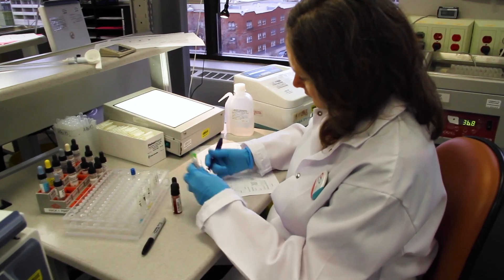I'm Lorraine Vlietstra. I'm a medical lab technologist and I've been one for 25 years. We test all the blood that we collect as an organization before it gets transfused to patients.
==
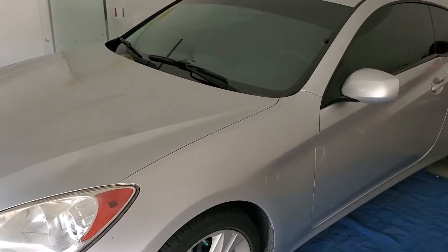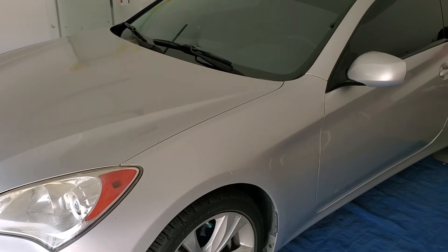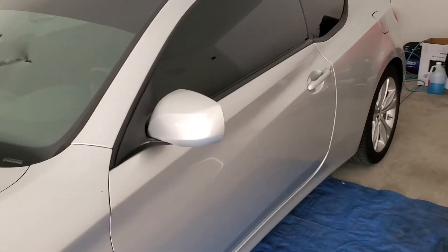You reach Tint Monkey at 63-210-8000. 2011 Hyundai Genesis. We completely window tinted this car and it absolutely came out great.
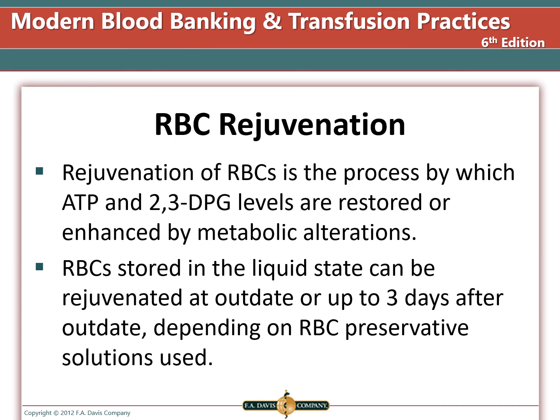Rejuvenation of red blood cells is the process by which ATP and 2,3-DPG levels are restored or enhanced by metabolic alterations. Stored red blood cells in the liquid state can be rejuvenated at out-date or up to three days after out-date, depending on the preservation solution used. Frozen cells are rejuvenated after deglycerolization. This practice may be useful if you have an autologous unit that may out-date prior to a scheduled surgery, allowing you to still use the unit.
...
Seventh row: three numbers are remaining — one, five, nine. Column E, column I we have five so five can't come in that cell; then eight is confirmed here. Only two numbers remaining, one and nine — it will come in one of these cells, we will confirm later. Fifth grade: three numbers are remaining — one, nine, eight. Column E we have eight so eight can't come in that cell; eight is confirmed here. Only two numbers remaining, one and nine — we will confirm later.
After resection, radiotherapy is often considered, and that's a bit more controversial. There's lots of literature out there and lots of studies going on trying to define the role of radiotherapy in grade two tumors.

Exercise details: Return the number of lines in the records holding the string "grade", without any other words.

Written answer: 2